Women’s History Month
Annabel Morris Buchanan was born October 22, 1888 in Groesbeck, Texas. She was a talented musician and folklorist. Growing up, she was granted a scholarship to the Landon Conservatory in Dallas due to her talent and graduated with honors in 1906. In 1912, she married John Preston Buchanan and settled in Marion, VA in the 1920s. Buchanan served in her local church as an organist and choir director and also composed songs. She became an active member of the Virginia Federation of Music Clubs and also served as their president for three years. In 1927, after meeting John Powell, her life was changed. Powell was a composer and pianist from Richmond who incorporated themes of folk music in his work. Powell inspired Buchanan to study and collect folk music then incorporated it into her own music. Within the community, Buchanan was seen as a “music catcher”, recording songs and music from locals. In 1931, Buchanan co-funded and directed the White Top Folk Festival. The festival was held each year, except 1937, atop a mountain in Grayson County and gained nationwide attention. In 1933, Eleanor Roosevelt was a guest at the festival. Along with her work with the festival, she published several articles on the White Top festival and other aspects of folk music. She collected more than 800 traditional songs from the region , as well as produced her own body of work called “ The Legend of Hungry Mother”. In this work, she published more than 100 original songs and 250 folk hymns. Later in life, she became a professor at James Madison University and retired from teaching in 1948 and devoted more of her time to her manuscripts and compositions.
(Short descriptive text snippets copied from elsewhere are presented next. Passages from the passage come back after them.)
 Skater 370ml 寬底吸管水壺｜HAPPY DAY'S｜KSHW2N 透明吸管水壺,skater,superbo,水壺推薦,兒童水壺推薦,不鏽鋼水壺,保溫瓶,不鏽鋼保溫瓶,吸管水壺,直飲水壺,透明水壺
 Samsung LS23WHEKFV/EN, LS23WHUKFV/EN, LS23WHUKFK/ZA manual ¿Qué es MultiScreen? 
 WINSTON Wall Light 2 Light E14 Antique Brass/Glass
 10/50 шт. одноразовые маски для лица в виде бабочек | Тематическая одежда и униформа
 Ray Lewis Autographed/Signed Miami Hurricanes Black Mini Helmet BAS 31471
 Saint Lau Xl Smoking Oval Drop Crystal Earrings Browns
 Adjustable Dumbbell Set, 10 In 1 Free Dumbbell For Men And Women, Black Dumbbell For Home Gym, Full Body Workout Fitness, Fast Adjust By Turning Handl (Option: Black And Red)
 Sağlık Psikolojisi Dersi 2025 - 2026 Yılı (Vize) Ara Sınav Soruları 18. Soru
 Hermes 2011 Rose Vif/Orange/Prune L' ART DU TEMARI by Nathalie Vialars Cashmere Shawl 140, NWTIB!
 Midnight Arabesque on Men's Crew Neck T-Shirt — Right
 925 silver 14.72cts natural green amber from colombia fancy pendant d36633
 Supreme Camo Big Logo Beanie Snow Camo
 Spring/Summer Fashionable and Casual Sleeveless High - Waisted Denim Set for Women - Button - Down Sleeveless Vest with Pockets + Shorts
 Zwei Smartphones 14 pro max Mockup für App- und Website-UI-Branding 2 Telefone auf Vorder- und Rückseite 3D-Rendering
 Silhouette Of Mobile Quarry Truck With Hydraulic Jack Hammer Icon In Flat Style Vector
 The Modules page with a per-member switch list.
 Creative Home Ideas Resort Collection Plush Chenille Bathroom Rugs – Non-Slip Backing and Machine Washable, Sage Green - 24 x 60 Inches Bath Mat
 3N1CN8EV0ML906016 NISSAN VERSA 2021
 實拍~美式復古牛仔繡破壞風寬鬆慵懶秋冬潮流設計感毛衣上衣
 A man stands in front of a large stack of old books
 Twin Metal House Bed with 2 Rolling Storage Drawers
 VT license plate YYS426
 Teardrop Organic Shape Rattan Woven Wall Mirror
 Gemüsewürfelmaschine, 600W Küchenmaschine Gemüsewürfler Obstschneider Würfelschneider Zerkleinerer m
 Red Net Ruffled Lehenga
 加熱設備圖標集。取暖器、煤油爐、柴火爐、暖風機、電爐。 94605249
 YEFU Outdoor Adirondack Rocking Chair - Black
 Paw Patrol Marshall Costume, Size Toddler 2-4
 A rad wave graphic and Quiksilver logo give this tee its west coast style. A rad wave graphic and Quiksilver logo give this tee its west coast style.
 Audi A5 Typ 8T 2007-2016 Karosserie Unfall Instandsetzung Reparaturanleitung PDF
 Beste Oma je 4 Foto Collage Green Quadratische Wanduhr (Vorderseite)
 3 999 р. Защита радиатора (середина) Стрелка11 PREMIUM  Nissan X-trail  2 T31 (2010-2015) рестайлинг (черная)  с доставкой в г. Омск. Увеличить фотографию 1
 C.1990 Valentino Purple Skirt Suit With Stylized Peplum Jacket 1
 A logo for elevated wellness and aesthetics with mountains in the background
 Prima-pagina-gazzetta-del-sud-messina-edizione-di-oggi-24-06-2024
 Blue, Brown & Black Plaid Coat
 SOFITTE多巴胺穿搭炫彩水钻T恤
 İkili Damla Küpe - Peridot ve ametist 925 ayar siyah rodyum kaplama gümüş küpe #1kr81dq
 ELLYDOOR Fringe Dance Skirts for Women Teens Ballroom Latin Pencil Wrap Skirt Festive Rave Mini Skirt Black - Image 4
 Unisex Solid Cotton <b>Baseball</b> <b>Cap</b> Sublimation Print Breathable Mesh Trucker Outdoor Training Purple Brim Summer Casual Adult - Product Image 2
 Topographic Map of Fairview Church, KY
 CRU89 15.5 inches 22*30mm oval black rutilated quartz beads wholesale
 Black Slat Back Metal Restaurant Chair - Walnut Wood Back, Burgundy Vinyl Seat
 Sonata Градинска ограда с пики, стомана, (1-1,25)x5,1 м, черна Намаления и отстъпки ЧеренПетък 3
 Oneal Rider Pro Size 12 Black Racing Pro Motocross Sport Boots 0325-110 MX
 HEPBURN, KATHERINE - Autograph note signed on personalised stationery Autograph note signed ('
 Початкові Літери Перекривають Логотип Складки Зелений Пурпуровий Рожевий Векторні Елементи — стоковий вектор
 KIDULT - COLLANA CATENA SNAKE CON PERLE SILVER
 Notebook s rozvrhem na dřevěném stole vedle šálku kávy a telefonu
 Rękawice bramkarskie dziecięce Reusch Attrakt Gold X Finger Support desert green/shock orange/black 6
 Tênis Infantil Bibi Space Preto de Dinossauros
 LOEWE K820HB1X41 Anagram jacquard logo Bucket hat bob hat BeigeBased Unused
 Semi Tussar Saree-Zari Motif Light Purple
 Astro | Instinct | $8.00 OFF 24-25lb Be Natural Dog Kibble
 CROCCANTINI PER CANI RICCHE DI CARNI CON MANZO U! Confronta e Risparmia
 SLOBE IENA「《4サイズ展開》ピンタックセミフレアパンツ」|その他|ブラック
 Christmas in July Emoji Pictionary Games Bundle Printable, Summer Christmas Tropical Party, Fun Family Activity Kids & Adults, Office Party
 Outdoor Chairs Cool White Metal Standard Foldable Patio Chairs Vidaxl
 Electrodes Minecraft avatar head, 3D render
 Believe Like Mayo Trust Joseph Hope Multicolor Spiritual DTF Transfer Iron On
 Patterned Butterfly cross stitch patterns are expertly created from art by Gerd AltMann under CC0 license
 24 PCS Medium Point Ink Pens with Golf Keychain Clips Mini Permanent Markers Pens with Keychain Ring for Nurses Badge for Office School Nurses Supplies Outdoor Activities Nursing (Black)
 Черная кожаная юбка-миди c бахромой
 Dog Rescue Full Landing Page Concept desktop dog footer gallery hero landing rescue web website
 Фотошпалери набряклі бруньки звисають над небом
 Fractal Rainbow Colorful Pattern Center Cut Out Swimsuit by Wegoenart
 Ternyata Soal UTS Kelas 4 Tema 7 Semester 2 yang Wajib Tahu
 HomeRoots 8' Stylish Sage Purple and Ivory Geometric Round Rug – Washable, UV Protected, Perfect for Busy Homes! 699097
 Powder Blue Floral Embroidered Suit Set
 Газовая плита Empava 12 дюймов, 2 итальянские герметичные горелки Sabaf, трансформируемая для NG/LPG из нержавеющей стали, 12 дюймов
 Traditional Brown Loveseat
Buchanan worked with the National Federation of Music Clubs on their folk music archive for several years. In 1963, she took a six month world tour and returned to Paducah where she passed on January 6, 1983.
Annabel Morris Buchanan contributed to the region’s access to folk music and its preservation. Her passion helped create a nationally recognized music festival. She was an important figure to Smyth County, helping preserve our history through music.